** Input records follows **

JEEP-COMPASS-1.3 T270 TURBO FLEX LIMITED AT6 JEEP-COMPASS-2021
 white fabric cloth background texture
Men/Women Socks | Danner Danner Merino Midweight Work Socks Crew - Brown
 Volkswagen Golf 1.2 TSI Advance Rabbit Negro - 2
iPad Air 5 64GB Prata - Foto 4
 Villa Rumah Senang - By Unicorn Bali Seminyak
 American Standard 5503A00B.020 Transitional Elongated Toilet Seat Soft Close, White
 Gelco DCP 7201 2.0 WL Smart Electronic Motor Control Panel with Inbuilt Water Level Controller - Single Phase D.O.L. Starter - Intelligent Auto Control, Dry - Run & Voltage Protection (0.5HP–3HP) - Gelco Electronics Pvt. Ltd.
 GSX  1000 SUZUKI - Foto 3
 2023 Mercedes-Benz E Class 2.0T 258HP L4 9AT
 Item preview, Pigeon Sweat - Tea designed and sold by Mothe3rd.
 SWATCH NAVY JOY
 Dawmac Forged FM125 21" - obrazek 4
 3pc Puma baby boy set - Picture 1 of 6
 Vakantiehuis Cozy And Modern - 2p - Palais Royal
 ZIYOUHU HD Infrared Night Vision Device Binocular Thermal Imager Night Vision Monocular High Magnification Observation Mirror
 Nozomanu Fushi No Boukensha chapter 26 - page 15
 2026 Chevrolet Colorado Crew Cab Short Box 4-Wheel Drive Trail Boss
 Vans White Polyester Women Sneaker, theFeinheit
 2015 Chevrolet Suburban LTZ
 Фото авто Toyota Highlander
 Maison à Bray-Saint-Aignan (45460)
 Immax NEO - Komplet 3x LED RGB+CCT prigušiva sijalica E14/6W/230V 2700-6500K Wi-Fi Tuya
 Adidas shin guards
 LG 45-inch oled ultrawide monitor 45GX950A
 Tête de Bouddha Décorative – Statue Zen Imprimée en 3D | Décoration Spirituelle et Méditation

** End of Input records **

Write out each entry exactly, and omit nothing.

* _Response_:
JEEP-COMPASS-1.3 T270 TURBO FLEX LIMITED AT6 JEEP-COMPASS-2021
 white fabric cloth background texture
Men/Women Socks | Danner Danner Merino Midweight Work Socks Crew - Brown
 Volkswagen Golf 1.2 TSI Advance Rabbit Negro - 2
iPad Air 5 64GB Prata - Foto 4
 Villa Rumah Senang - By Unicorn Bali Seminyak
 American Standard 5503A00B.020 Transitional Elongated Toilet Seat Soft Close, White
 Gelco DCP 7201 2.0 WL Smart Electronic Motor Control Panel with Inbuilt Water Level Controller - Single Phase D.O.L. Starter - Intelligent Auto Control, Dry - Run & Voltage Protection (0.5HP–3HP) - Gelco Electronics Pvt. Ltd.
 GSX  1000 SUZUKI - Foto 3
 2023 Mercedes-Benz E Class 2.0T 258HP L4 9AT
 Item preview, Pigeon Sweat - Tea designed and sold by Mothe3rd.
 SWATCH NAVY JOY
 Dawmac Forged FM125 21" - obrazek 4
 3pc Puma baby boy set - Picture 1 of 6
 Vakantiehuis Cozy And Modern - 2p - Palais Royal
 ZIYOUHU HD Infrared Night Vision Device Binocular Thermal Imager Night Vision Monocular High Magnification Observation Mirror
 Nozomanu Fushi No Boukensha chapter 26 - page 15
 2026 Chevrolet Colorado Crew Cab Short Box 4-Wheel Drive Trail Boss
 Vans White Polyester Women Sneaker, theFeinheit
 2015 Chevrolet Suburban LTZ
 Фото авто Toyota Highlander
 Maison à Bray-Saint-Aignan (45460)
 Immax NEO - Komplet 3x LED RGB+CCT prigušiva sijalica E14/6W/230V 2700-6500K Wi-Fi Tuya
 Adidas shin guards
 LG 45-inch oled ultrawide monitor 45GX950A
 Tête de Bouddha Décorative – Statue Zen Imprimée en 3D | Décoration Spirituelle et Méditation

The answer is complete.